French typeface from 1692

The Romain du Roi (/fr/, "King's roman") was a typeface developed in France beginning in 1692. The name refers to Louis XIV who commissioned the design of the new typeface for use by the Royal Print Office.

The Romain du Roi stands as a landmark of typography in the Age of Enlightenment. The conception of the letterforms reflects a difference in attitude from the prevailing roman typefaces before it. Whereas previous roman typefaces developed naturally over time, evolving in the hands of punch cutters from the typefaces of the fifteenth century, the Romain du Roi was the result of rational design: the letterforms were mapped on grids before being cut into metal.

The Romain du Roi was not the first "constructed alphabet". Felice Feliciano was the first to recreate geometrically the alphabet of roman inscriptions, and published it in 1463 as Alphabetum Romanum Codex Vaticanus 6852. The Romain du Roi, however, because of its allegiance to the grid, shows a distinct shift in style, with an increased emphasis on verticality and increased contrast between thick and thin elements, a style that influenced the Transitional typefaces of Pierre Simon Fournier and John Baskerville.

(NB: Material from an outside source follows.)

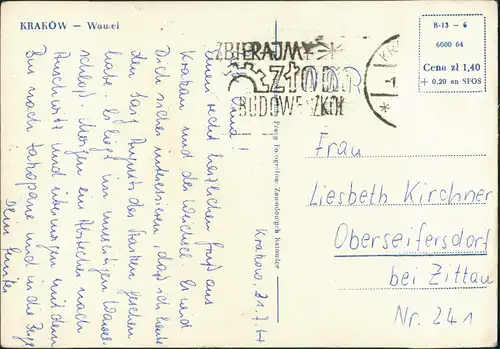 Postcard Krakau Kraków Stadt Teilansicht 1964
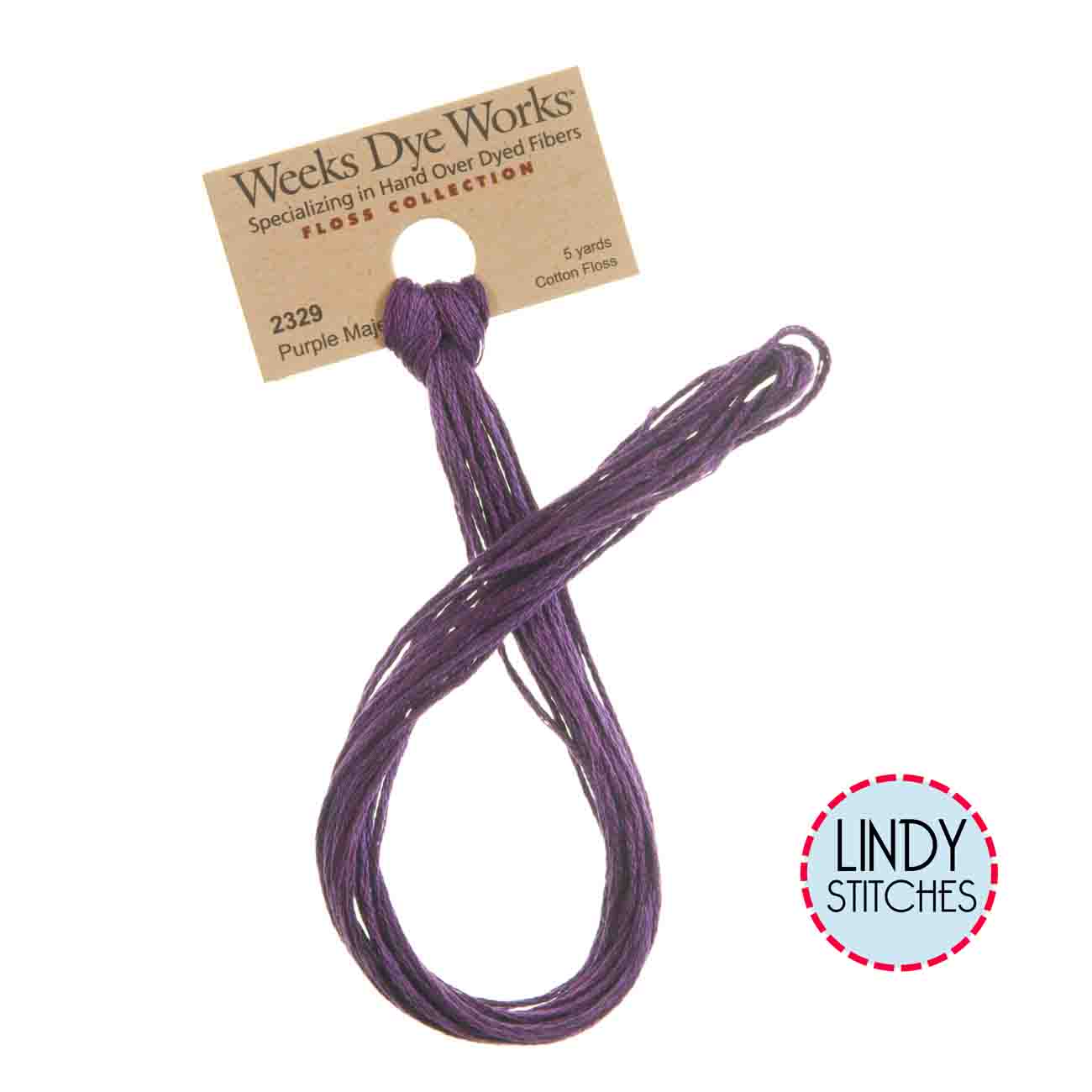Purple Majesty Weeks Dye Works Floss Hand Dyed Cotton Skein 2329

The letterforms were the work of the Royal Academy's Bignon Commission as part of its investigation of French typography and printing for the compilation of the Description of the Arts and Trades of France. The capital letters were drawn on 8×8 grids, the lowercase letters on rectangular grids. The committee's designs were engraved by Louis Simonneau. Punches for the metal type were cut by Philippe Grandjean, who took some liberty with his type, to moderate the cold geometry of the designs. The type was first used for Médailles sur les principaux événements du règne de Louis le Grand.

The Romain du Roi had serifs on both left and right sides at the top of b, d, h, i, k, l. l had an extra serif to the left at the mean line to distinguish it from capital I.

Sample of Romain du Roi in 1702.

Sample of Romain du Roi in 1702, showing small capitals and italics characters.